** ABOUT THIS TASK **
Everything from the line containing "Tan inverse of tan 7" to the last line of the listing below should be restated exactly, both ends included, with nothing added and the pictures omitted.

** TASK MATERIAL **
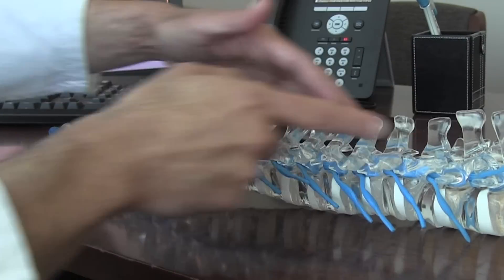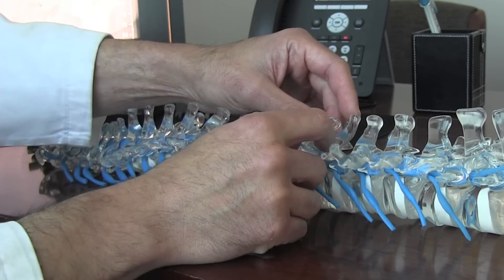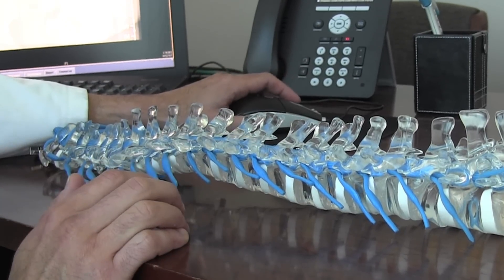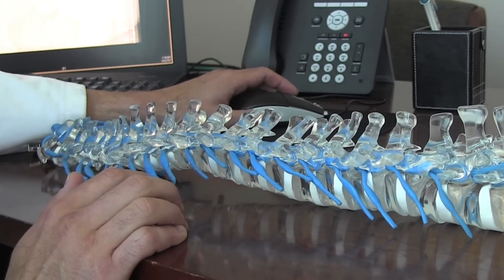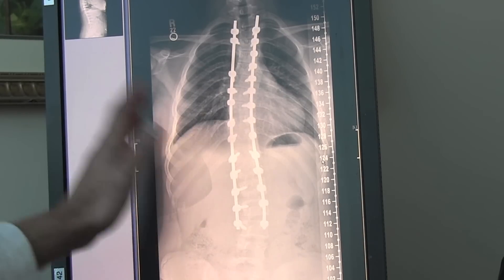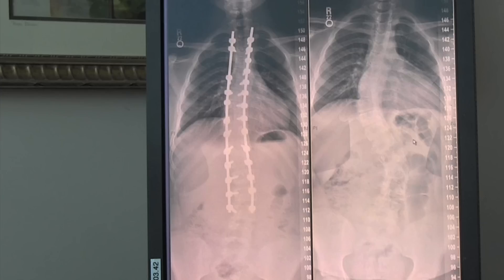There are rods going on either side of the spinous processes that the screws are connected to, to hold the correction. Let me show you what that X-ray looks like with the rods and screws in place. There are rods in the back holding the screws in a straight position — this is the side view showing the screws going from the back into the front, and the X-rays showing the rods holding the spine straight. Now let me put the two side by side so you can see what we were able to accomplish.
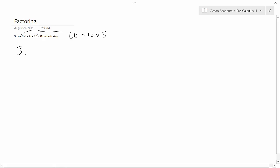So 3x squared, if we say minus 12x plus 5x minus 20 equals 0, we have, in fact, replaced our minus 7x with minus 12x plus 5x. So we haven't changed anything in the equation.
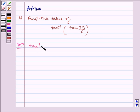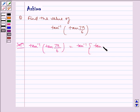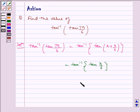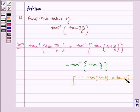Tan inverse of tan 7 pi by 6 is equal to tan inverse of tan of pi plus pi by 6, which is equal to tan inverse of tan pi by 6. Because tan of pi plus theta is equal to tan theta, which gives us pi by 6.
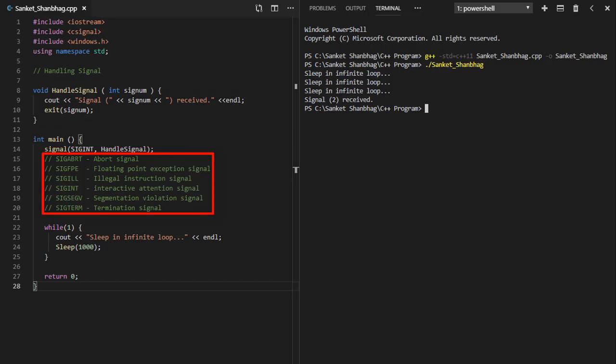Signals available are: SIG-ABRT or abort signal, SIG-FPE or floating point exception signal, SIG-IL or illegal instruction signal, SIGINT or interactive attention signal, SIG-SEGV or segmentation violation signal, SIG-TERM or termination signal.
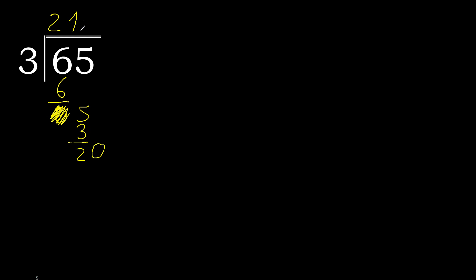Here, point. 0, point. 20. 3 multiplied by which number? 3 multiplied by 7 is 21, 21 is greater. Multiplied by 6. 3 multiplied by 6 is 18. Subtract.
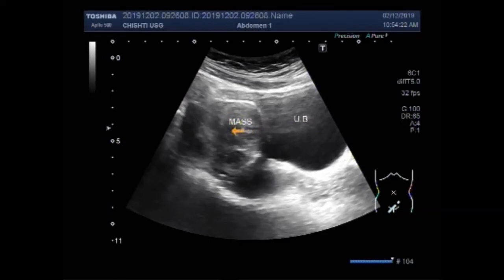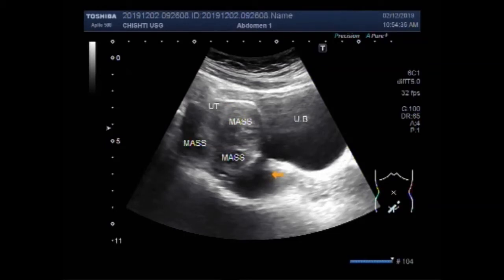This is a mass, this one is also a fibroid — these are the multiple fibroids seen in the middle and distal portion of the uterus. This is the cervix, and this is the urinary bladder.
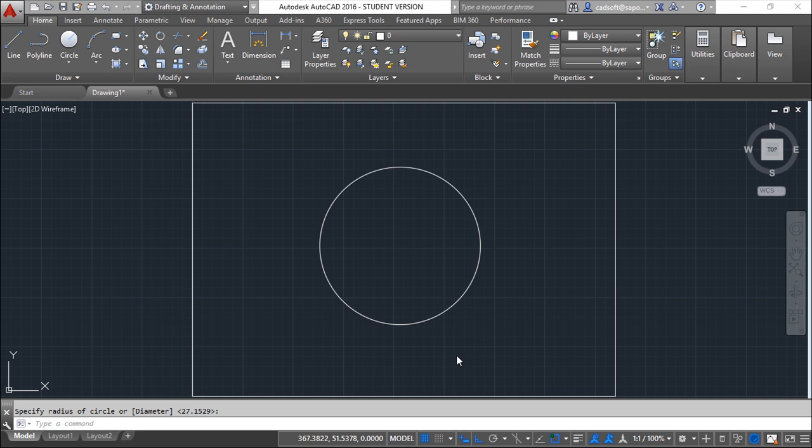Hello, we are here for one more lesson of this AutoCAD 2016 training course, and the topic for today will be the DXF file format.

** EXPECTED ANSWER **
Tan inverse of tan 7 pi by 6 is equal to tan inverse of tan of pi plus pi by 6, which is equal to tan inverse of tan pi by 6. Because tan of pi plus theta is equal to tan theta, which gives us pi by 6.
Signals available are: SIG-ABRT or abort signal, SIG-FPE or floating point exception signal, SIG-IL or illegal instruction signal, SIGINT or interactive attention signal, SIG-SEGV or segmentation violation signal, SIG-TERM or termination signal.
Here, point. 0, point. 20. 3 multiplied by which number? 3 multiplied by 7 is 21, 21 is greater. Multiplied by 6. 3 multiplied by 6 is 18. Subtract.
This is a mass, this one is also a fibroid — these are the multiple fibroids seen in the middle and distal portion of the uterus. This is the cervix, and this is the urinary bladder.
Hello, we are here for one more lesson of this AutoCAD 2016 training course, and the topic for today will be the DXF file format.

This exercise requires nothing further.